Task details:
Set down all of the data that follows word for word, without the images.

Listed entries:

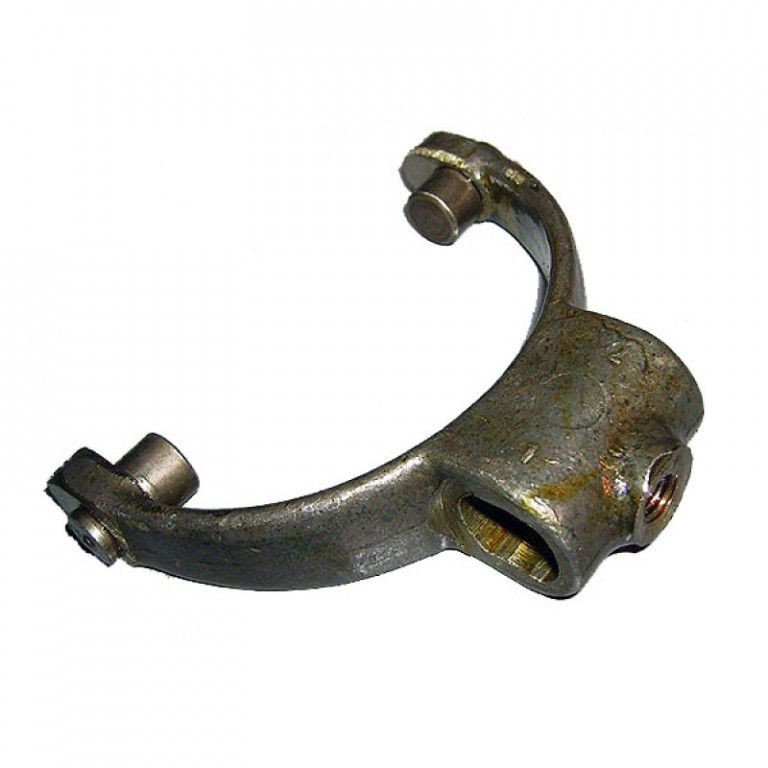 Вилка привода насоса (диам. направл. штифта 12мм) — 1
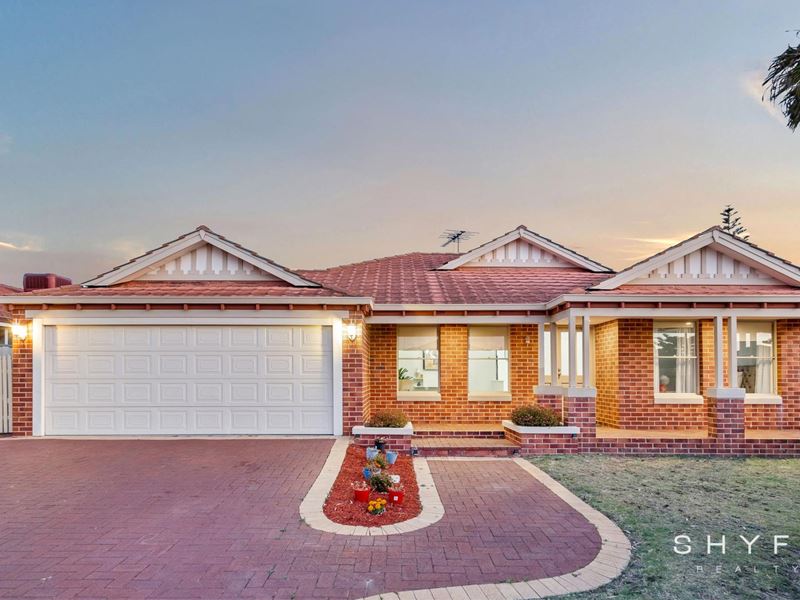 2 Cristobal Crescent, Mindarie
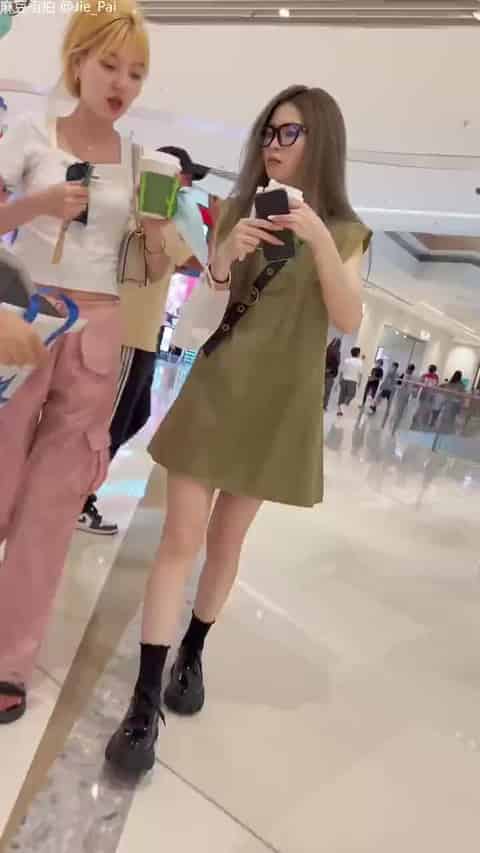 c10611de-f7f8-4a78-966b-35cffeaaeea1.mp4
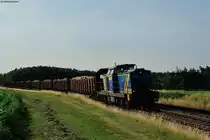 V 1702 der Mittelweserbahn (aktuell vermietet an die Rennsteigbahn) mit einem Holzzug Richtung Hof bei Oberteich, 18.07.2013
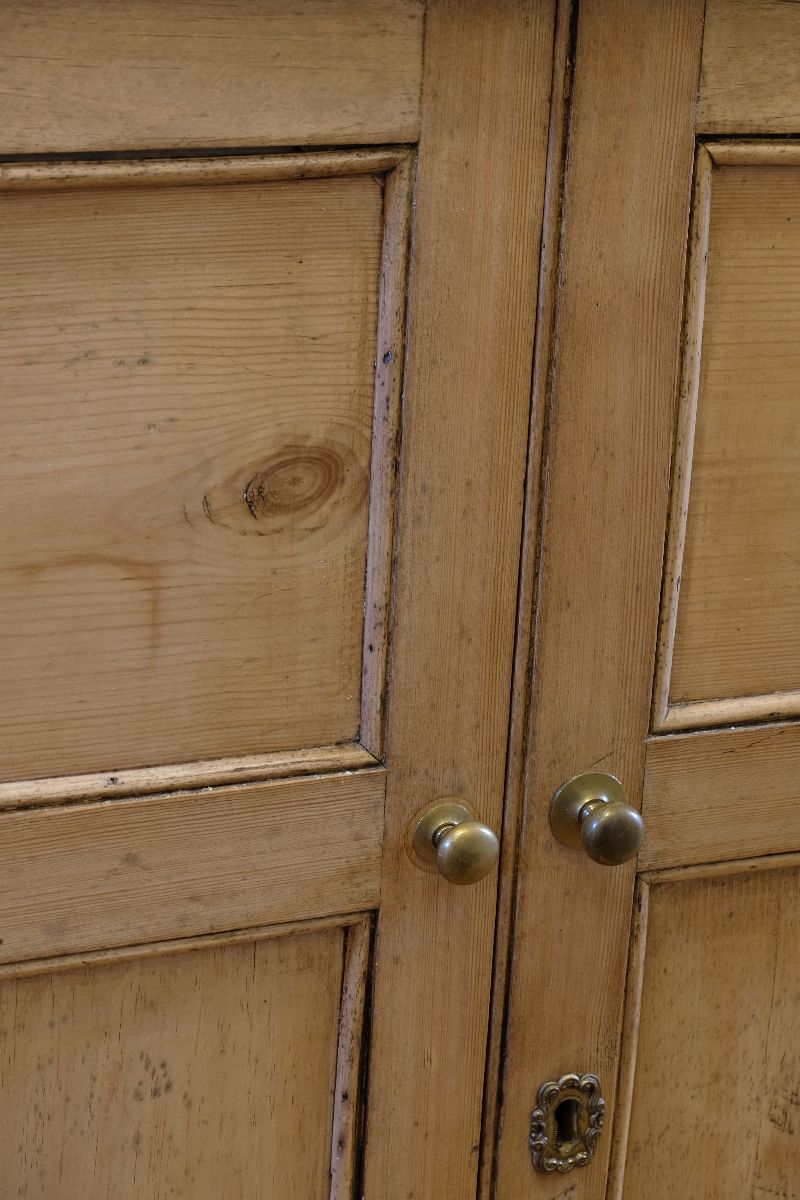 Early 19th Century English Pine Cupboard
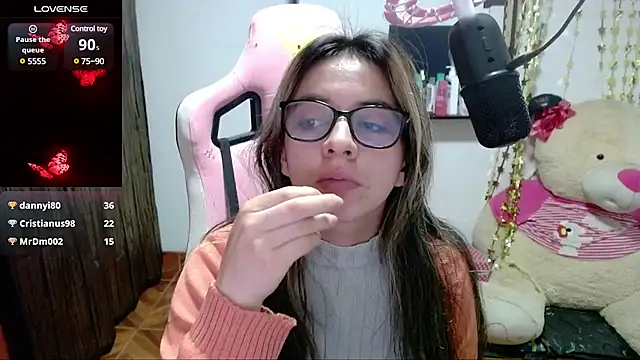 Snapshot of Maggie_Fox3 chatting on 02/09/25, 06:11 Maggie Fox3 online show from 02/09/25, 06:11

Answer section:
 Вилка привода насоса (диам. направл. штифта 12мм) — 1
 2 Cristobal Crescent, Mindarie
 c10611de-f7f8-4a78-966b-35cffeaaeea1.mp4
 V 1702 der Mittelweserbahn (aktuell vermietet an die Rennsteigbahn) mit einem Holzzug Richtung Hof bei Oberteich, 18.07.2013
 Early 19th Century English Pine Cupboard
 Snapshot of Maggie_Fox3 chatting on 02/09/25, 06:11 Maggie Fox3 online show from 02/09/25, 06:11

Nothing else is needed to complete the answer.